>>>>>

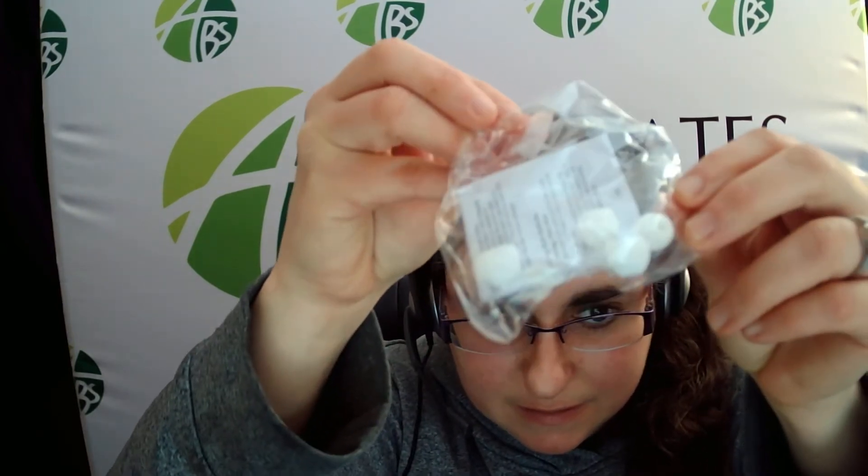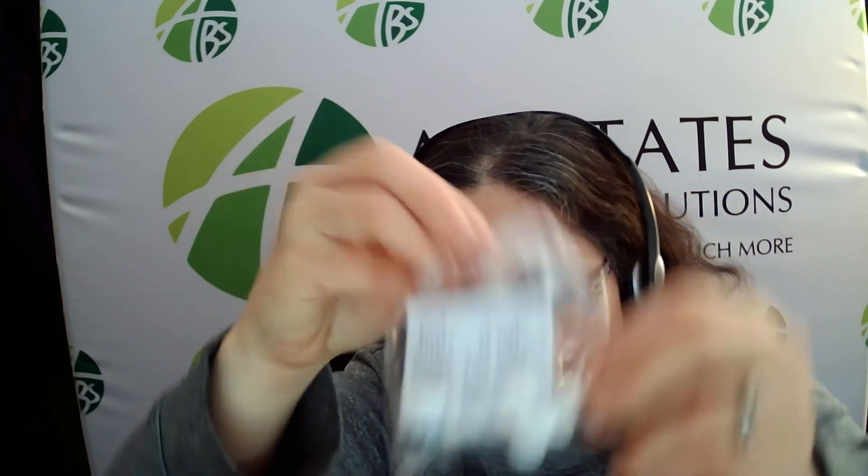The earbuds come with several different silicone shapes. I actually found one that fit my ears. Normally I really dislike earbuds, but these are nice.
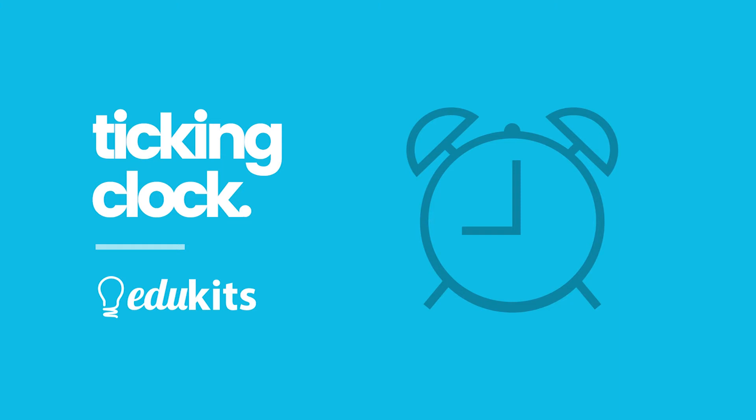For this first project, we're going to be building and coding an invention that's sure to tick most people off. Literally. This is going to be a great way to learn the basics of building circuits and we'll be working with a little bit of code. But let's just jump right into it.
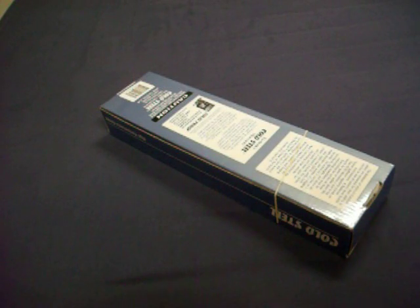Hey, hey YouTube. It's been a long, long time. I haven't been buying any knives — I felt pretty good about my collection.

<<<<<

Assignment ▸ Copy out all the data exactly; skip the pictures.

Output of the exercise ▸
The earbuds come with several different silicone shapes. I actually found one that fit my ears. Normally I really dislike earbuds, but these are nice.
For this first project, we're going to be building and coding an invention that's sure to tick most people off. Literally. This is going to be a great way to learn the basics of building circuits and we'll be working with a little bit of code. But let's just jump right into it.
Hey, hey YouTube. It's been a long, long time. I haven't been buying any knives — I felt pretty good about my collection.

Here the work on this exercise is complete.